Recently I had the opportunity to work on a Valentine’s recipe for theskiny.com – a fantastic website dedicated to bringing you the latest info on keeping your skin looking its best. The editor, whom I have had the distinct pleasure of working with in her former position as Nutrition Editor at Oxygen Magazine, gave me the instructions for the recipe: “A treat for Valentine’s Day that includes the colour red. “ I love these kinds of instructions because I can do virtually anything. Now you see, treats -especially so-called “clean” treats, are something I have a bit of experience with folks. I have been a regular contributor to Clean Eating Magazine’s “Happy Ending” column for many years. So with the colour red in mind, I began to let my imagination run wild. I knew the recipe had to incorporate chocolate in some way – it was for Valentine’s Day after all – but it also had to include ingredients that would be healthy for your skin. I’ve always loved the combination of raspberries and chocolate, so I settled on raspberries as my “colour red” item, and since they are packed with antioxidants I got to check off the second box – skin friendly…yes!! So now that I had the ingredients I wanted to highlight, I just needed to combine them into a dessert.
I set to work combining these ingredients in different ways in my head, eventually settling on a play on the classic dessert “Floating Islands”. Why you ask? It’s a bit of a puzzle but I’ll try to explain. First off, I must state – and those who know me well will attest to this – I am definitely not a meringue person. Oh I like it on my lemon pie alright, but other than that I have no use for it in my diet. If I’m going to indulge in a dessert, it’s got to be decedent, and frankly meringue, with it’s lighter than air quality simply doesn’t make the cut. But one of my friends from high school, well she loves it, and when we recently dined together, guess what she ordered for dessert? Now traditionally, crème analgise is the “pool” that the meringues will ‘float” on, but remember, I needed the colour red. Hello… raspberries! Long story short and a lot of testing later, Chocolate Studded Meringues with Raspberry Coulis was the result. You can link to the recipe here : Chocolate Studded Meringues
You would think that would be the end of the story. Well…here is a little peak into my curious brain. Hang on, it’s a bit of a bumpy ride… After the recipe was completed and tested many times, and after I had cleaned my kitchen of all the whipped egg white mess, I had a thought – a “what if” moment. What if I added some more chocolate flavour to the meringues? What if I took this a step further? Would the chemistry still hold up? Meringues are a tricky thing sometimes….but back to the kitchen I went, just to test the theory that had sprung up in my brain. Damn curiosity. The result? See for yourself ….

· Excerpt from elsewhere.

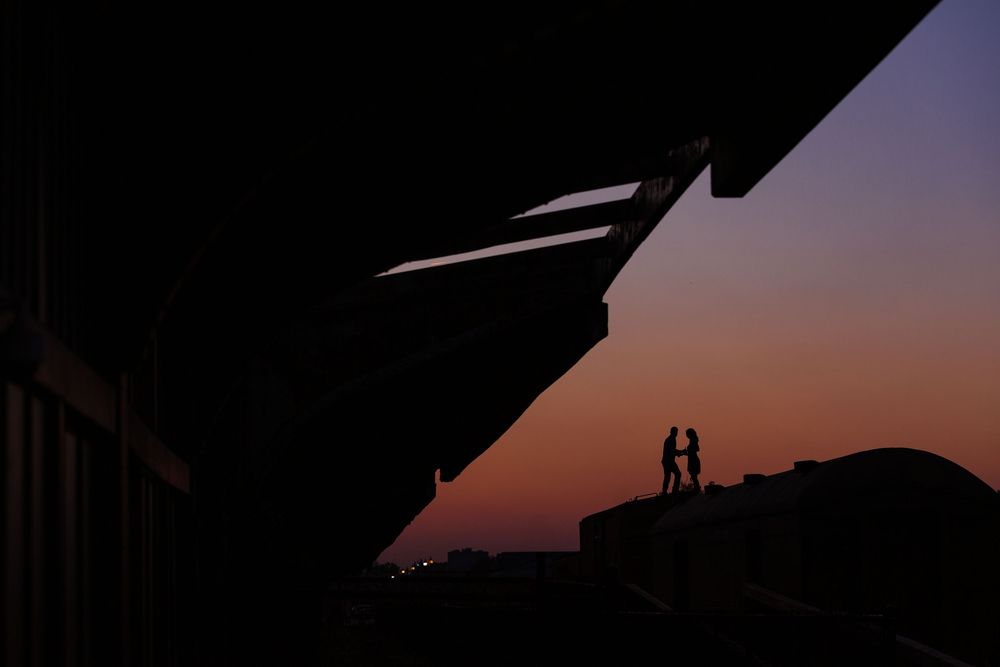 Silhouetted figures stand against a vibrant sunset sky with orange and purple hues.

Even More Chocolaty Meringues with Raspberry Coulis
Makes 12 servings plus one bonus meringue to eat
4 egg large egg whites
½ tsp (2.5ml) cream of tartar
¼ tsp (1ml) salt
½ cup (125ml) plus 2 tbsp (30ml) granulated sugar
2 ounces (56g) dark chocolate 70-85% cocoa, finely chopped
2 tbsp (30ml) cocoa powder
2 cups (500ml) fresh or frozen raspberries
Preheat oven to 275F (135C). Line two large baking sheets with parchment paper and spray lightly with non- stick cooking spray.
In the metal bowl of a stand mixer combine egg whites, cream of tartar and salt. Beat on medium speed using the whisk attachment until foamy, about 2-3 minutes. Turn the mixer on high speed and slowly add ½ cup granulated sugar, one tablespoon at a time. Continue beating until egg whites are thick and glossy, 7-10 minutes. Add chopped chocolate and cocoa powder, beating 30 seconds longer to combine.
Place egg whites in a piping bag fitted with a ½ inch (1.27) plain piping tip. Pipe 20 hearts, about 2 inches high onto each cookie sheet. (Alternatively, drop egg whites by rounded teaspoonful onto baking sheets) Bake for 30-40 minutes, or until you can easily lift the meringues with a thin spatula. Remove from oven and allow to cool completely on the cookie sheets.
Meanwhile, place the raspberries, ¼ cup (60ml) water and the remaining 2 tbsp (30ml) of sugar in a medium saucepan, stirring to combine. Set the saucepan over medium heat, stirring occasionally, until berries have completely broken down, about 5-7 minutes. Remove from heat and blend with an immersion blender until completely smooth. Cool to room temperature.
To serve, divide sauce evenly between 12 plates, spreading sauce with the back of a spoon. Place 3 meringues on each plate.
Meringues will keep for several days in an air tight container on your counter.